Don’t – Make assumptions about one another: Introverts and extroverts often feel misunderstood by one another. Introverts are oftentimes seen as aloof or disinterested while extroverts can be labeled loud and obnoxious. Usually, neither is true. It can be hard to manage two distinct personality types that get their energy in different ways. Don’t judge too quickly and don’t make negative assumptions about someone based on their intro or extroversion and you’ll likely find there are plenty of things you have in common despite having different communication styles.
Don’t – Forget to let people do what they love: Trying to force introverts to be more social or trying to force an extrovert to sit still during a party isn’t going to work. It’s important to let people do what they love. If someone wants to sit and people watch or explore on their own, that’s just as social as someone who wants to dance with everyone in the room. Let people have fun in the way that makes the most sense for them.
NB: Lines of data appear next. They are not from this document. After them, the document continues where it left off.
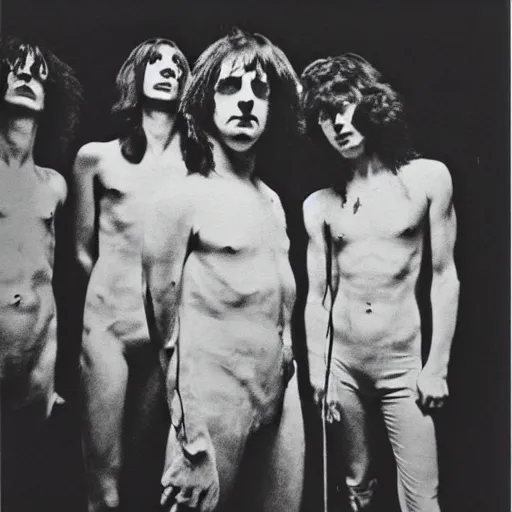 Prompt: four men standing next to each other in a dark room, an album cover by Syd Barrett, pinterest, mannerism, antichrist, top lighting, 1970s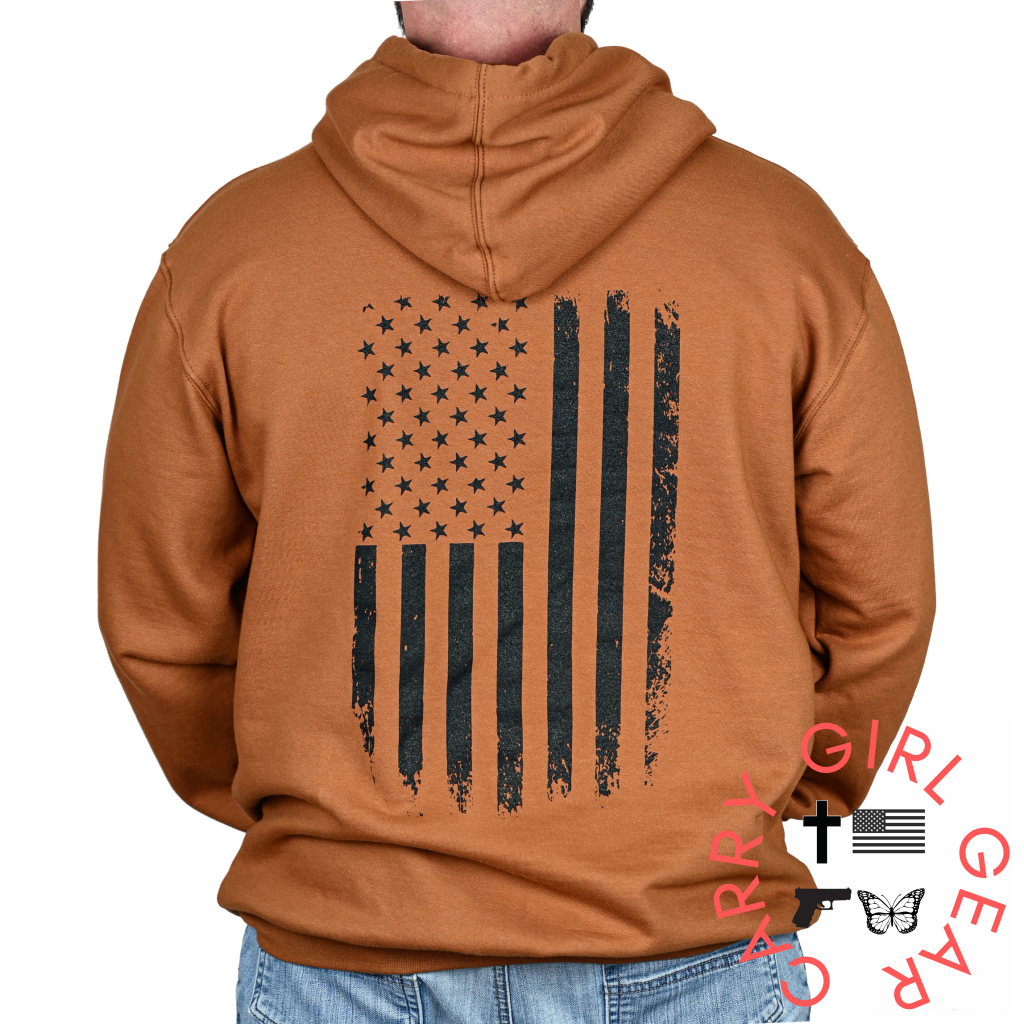 Men’s Heavyweight Oversized American Flag Patriotic Hoodie Sweatshirt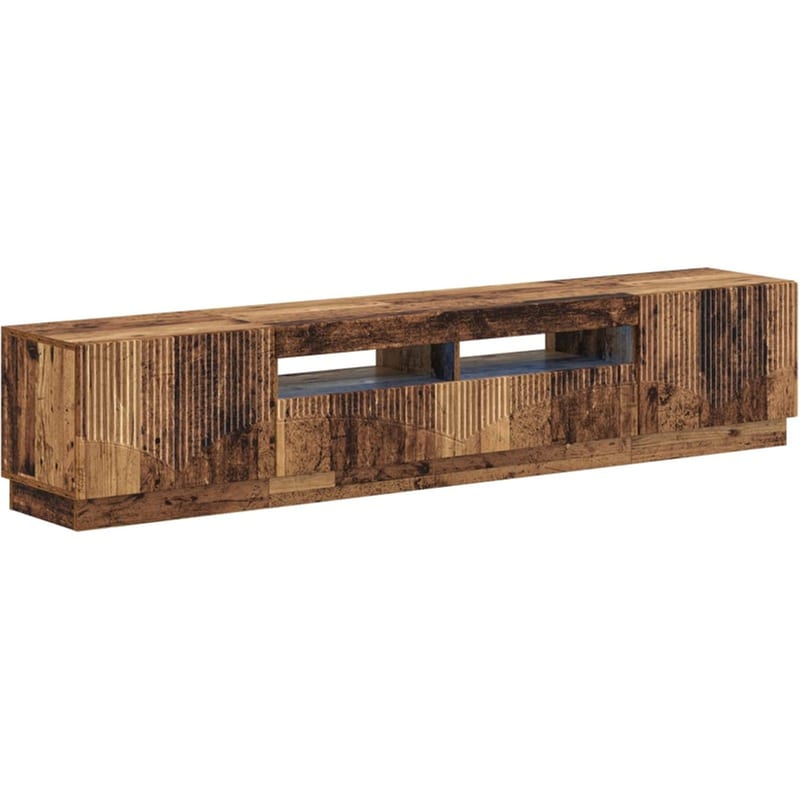 Έπιπλο Τηλεόρασης VidaXL HOORN με LED 3 τμχ 198 x 35 x 40 cm - Παλαιωμένο Ξύλο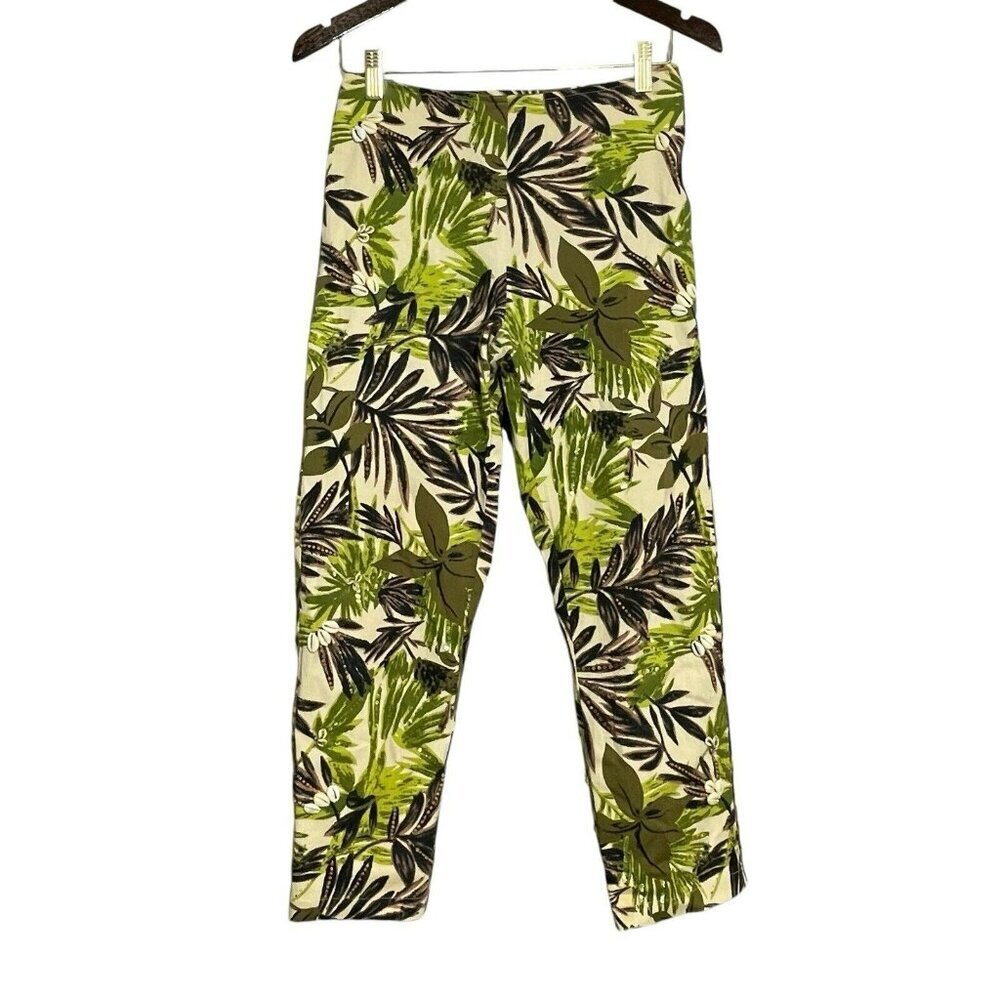 Haven Bleu Shell Sequin Pants Embroidered Women Size S Leaf Tropical Beach Retro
Don’t – Forget people always find a way to socialize together: People always find a way to get along. An introvert will disengage when they start to feel overwhelmed or tired. Extroverts tend to seek out fellow extroverts so they can build on each other’s energy.
In the end, introverts and extroverts have been co-mingling at social events forever. They always find a way. The bottom line is be aware of the cues that clue you into what someone’s personality is and try to accommodate them while staying true to who you are.